Manifestement, nous devons le reconnaître, il existe un décalage important entre la réactivité et l’engagement des responsables des ports étrangers, tant au Nord qu’au Sud, et la réactivité et l’engagement que nous observons chez nous.
Je souhaite à présent évoquer un autre domaine, lié aux transports en commun. J’ai eu l’occasion de prendre, en pleine campagne, un train qui m’a déposé au cœur de la ville de Fribourg. Il s’agissait d’un tram-train. Une telle orientation avait été évoquée comme une démarche intéressante à envisager en France.
Lorsque l’on regarde une carte du réseau ferré français, on s’aperçoit que presque toutes les villes de France disposaient de dessertes ferroviaires de proximité les reliant à leur arrière-pays.

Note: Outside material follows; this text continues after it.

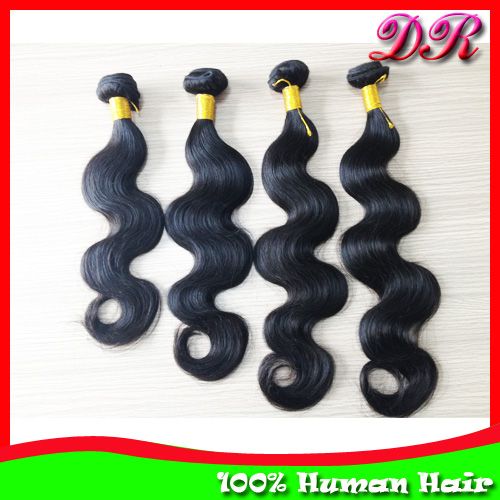 Unprocessed Brazilian Virgin Human Hair Weft Body Wave Natural Color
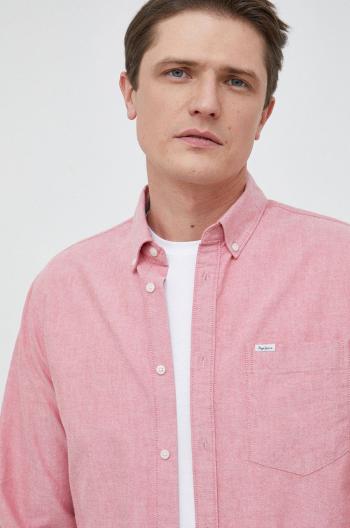 Bavlnená košeľa Pepe Jeans pánska, fialová farba, regular, s klasickým golierom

Presque partout, heureusement, ce réseau secondaire a été préservé, même si, après l’abandon des services dans les années soixante-dix, il y aura des travaux de remise à niveau à réaliser.
Pareillement, beaucoup de grandes villes utilisaient pour le transport urbain des tramways, qui ont également, pour une grande part, été supprimés à la même époque. Depuis dix ou quinze ans, on a vu ces mêmes grandes villes remettre en circulation de nouveaux tramways, plus modernes, bien sûr, pour diminuer le nombre des voitures et répondre aux besoins de la population.
Remettre en service certaines lignes ferroviaires, dont on a souvent gardé l’emprise, ressortirait à une démarche identique à celle dans laquelle s’engagent la plupart des villes. Chaque fois que c’est possible, il serait bien sûr souhaitable de le faire sous forme de tram-train.
Outre l’effort important en faveur du développement du transport collectif que cela représenterait, cela éviterait souvent d’importants et coûteux travaux d’aménagement routier indispensables du fait de l’augmentation du nombre de voitures, cela réduirait les embouteillages aux entrées de ville et cela dispenserait de nombreuses familles habitant à l’extérieur de la ville de devoir investir dans une seconde voiture, une charge financière souvent importante pour nombre de nos concitoyens. Je pense aussi aux jeunes ou aux personnes âgées, qui, avec un service cadencé, pourraient se déplacer plus librement.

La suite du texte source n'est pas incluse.